CEC Theses and Dissertations

Date of Award

2016

Document Type

Dissertation

Degree Name

Doctor of Philosophy in Computer Science (CISD)

Department

College of Engineering and Computing

Advisor

Sumitra Mukherjee

Committee Member

Francisco J. Mitropoulos

Committee Member

Michael J. Lazlo

Abstract

Soft methods of artificial intelligence are often used in the prediction of non-deterministic time series that cannot be modeled using standard econometric methods. These series, such as occur in finance, often undergo changes to their underlying data generation process resulting in inaccurate approximations or requiring additional human judgment and input in the process, hindering the potential for automated solutions.

Genetic programming (GP) is a class of nature-inspired algorithms that aims to evolve a population of computer programs to solve a target problem. GP has been applied to time series prediction in finance and other domains. However, most GP-based approaches to these prediction problems do not consider regime change.

This paper introduces two new genetic programming modularity techniques, collectively referred to as automatically defined templates, which better enable prediction of time series involving regime change. These methods, based on earlier established GP modularity techniques, take inspiration from software design patterns and are more closely modeled after the way humans actually develop software. Specifically, a regime detection branch is incorporated into the GP paradigm. Regime specific behavior evolves in a separate program branch, implementing the template method pattern.

A system was developed to test, validate, and compare the proposed approach with earlier approaches to GP modularity. Prediction experiments were performed on synthetic time series and on the S&P 500 index. The performance of the proposed approach was evaluated by comparing prediction accuracy with existing methods.
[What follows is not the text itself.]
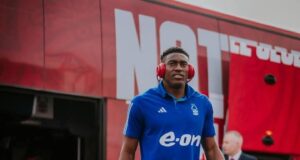 BREAKING: West Ham Eye £20m Move For Nottingham Forest Striker Taiwo Awoniyi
One of the two techniques proposed is shown to significantly improve performance of time series prediction in series undergoing regime change. The second proposed technique did not show any improvement and performed generally worse than existing methods or the canonical approaches. The difference in relative performance was shown to be due to a decoupling of reusable modules from the evolving main program population. This observation also explains earlier results regarding the inferior performance of genetic programming techniques using a similar, decoupled approach. Applied to financial time series prediction, the proposed approach beat a buy and hold return on the S&P 500 index as well as the return achieved by other regime aware genetic programming methodologies. No approach tested beat the benchmark return when factoring in transaction costs.